建造物等の非破壊診断・検査法には,単純な目視や打音法によるもの,X線,超音波,電磁誘導,電磁波を用いる手法などがあり,それぞれの特徴を有している。電磁波を用いる手法としては数100MHz〜数GHzのマイクロ波を用いる電磁波レーダーがすでに開発されており,コンクリート建造物等の検査に用いられている。テラヘルツ波は電磁波レーダーに用いられている電磁波の周波数よりも1〜2桁高い周波数の電磁波であるため,コンクリート,レンガ等への透過性は悪いが,木造建造物へはある程度の透過性があり,より高い空間分解能が期待できる。また,対象物のテラヘルツ帯の吸収・屈折率から,内部構造のみではなく,用いられている材料の判別・診断ができる可能性もある。

テラヘルツトモグラフィーは「安全安心」技術として多様な応用展開が期待されるが,特に木造建造物の非破壊診断・検査を念頭においたテラヘルツトモグラフィーの高度化および実用化に関する下記の技術課題を提言し,その解決に取り組む。

(ⅰ) テラヘルツ波の特徴を生かした非破壊診断・検査法の開発
(ⅱ) 高空間分解能と深さ方向へ十分な測定能
(ⅲ) トモグラフィー撮像の高速化,高感度化
(ⅳ) 携行可能で,屋外でも安定動作するシステム開発
(ⅴ) 低コスト化
注1:ここではテラヘルツ波をミリ波(波長10mm〜1mm)および分光学的な遠赤外領域(波長1mm〜25μm)を含むおよそ0.03〜12THzの電磁波とする。
図5-1 テラヘルツトモグラフィーシステムのイメージ図図5-1 テラヘルツトモグラフィーシステムのイメージ図

5-(2) 光通信ネットワークを利用した構造物のひずみモニター

光通信ネットワークを地震前後の建築物の歪モニタリングシステムに活用すれば地震による被害の大きさや場所や範囲などをリアルタイムで監視できる可能性がある。
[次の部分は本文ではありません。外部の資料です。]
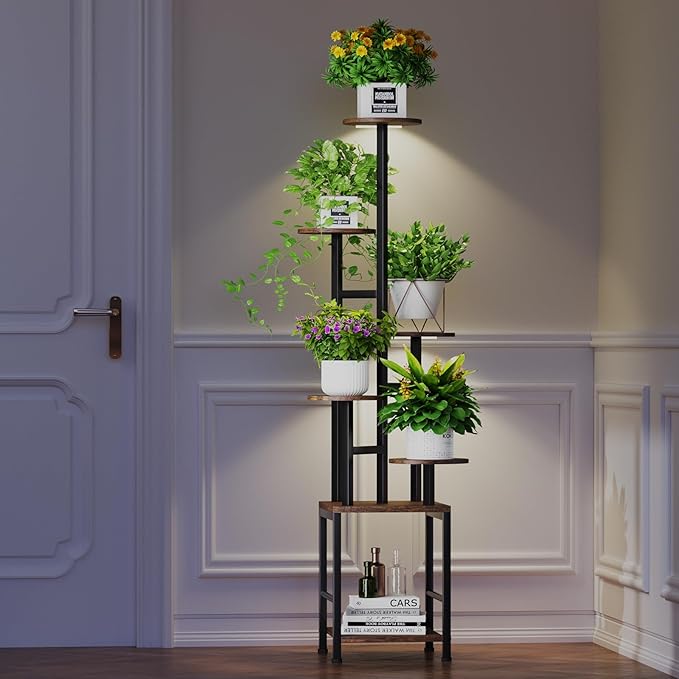 Plant Stand Indoor with Grow Light,6-Tiered Tall Plant Stand Indoor, Metal Plant Shelf with Adjustable Light, Ideal for Living Room, Garden, Patio (Black Brown)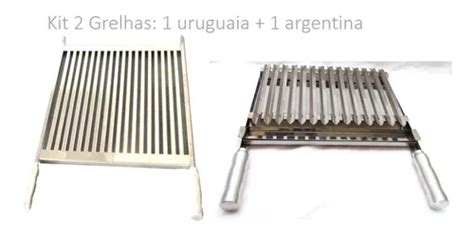 Kit Grelhas Em Inox Uruguaia Argentina Parrilha 50cm Larg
歪計測の有力な手段に、ブリルアン散乱による後方散乱光を検知する方法(BOTDR, Brillouin Optical-fiber Time Domain Reflectometer)やファイバーブラッグ格子(FBG, Fiber Bragg Grating)を歪センサに用いる方法がある。

BOTDRはファイバーそのものが歪センサであるため低コストである反面、歪計測空間分解能が10mオーダーである。また、ファイバーを構造物に接着させる精度が歪計測精度に大きな影響を与える。計測空間分解能を向上させる技術開発が必要である。一方、FBGは歪変位をリアルタイムに高精度で計測できる反面、点計測であるため用途が限定的となる。また、素子コストも課題でなる。これに付随する光計測機器開発、歪センサ敷設ノウハウなどの解決すべき緊急課題がある。

光通信ネットワークを利用した構造物のひずみモニター

5-(3) 量子技術を利用した超高精度計測技術の開発

日本は自然災害の多い国である。歴史的に見ても、地震や津波、火山噴火、豪雨に伴う洪水やがけ崩れ等、様々な自然災害に何度となく見舞われてきた。日本に暮らしている限り、こうした自然災害の影響は避けられない運命にある。しかし自然災害の多くは、事前にしっかりとした対策を施すことで、その被害を大幅に低減することができる。したがって、高い精度で災害を予知する技術が、今後益々重要となってくる。予知の精度を向上させるためには、各種物理量を従来よりも高精度・高感度に計測し、その結果を広範囲に渡って高い精度で共有する技術が必要となってくる。

次世代の高感度・高精度計測技術として注目される技術の一つに、量子情報技術が挙げられる。量子情報技術とは、「重ね合わせ状態」や「不確定性原理」、「量子もつれ」などの量子力学的効果を積極的に利用することにより、従来では不可能であった情報処理や情報通信を可能にする革新的技術である。量子情報技術で必要とされる、光子や電子・原子・イオンなどの量子状態を自在に制御する技術を利用することにより、古典限界を超える超高感度・超高精度計測技術の実現が可能となると期待される。このような超高感度・超高精度計測技術は、自然環境の微小な変化等、自然災害につながる情報を超高感度・超高精度に計測することを可能にするため、災害予測技術の高度化に繋がると期待できる。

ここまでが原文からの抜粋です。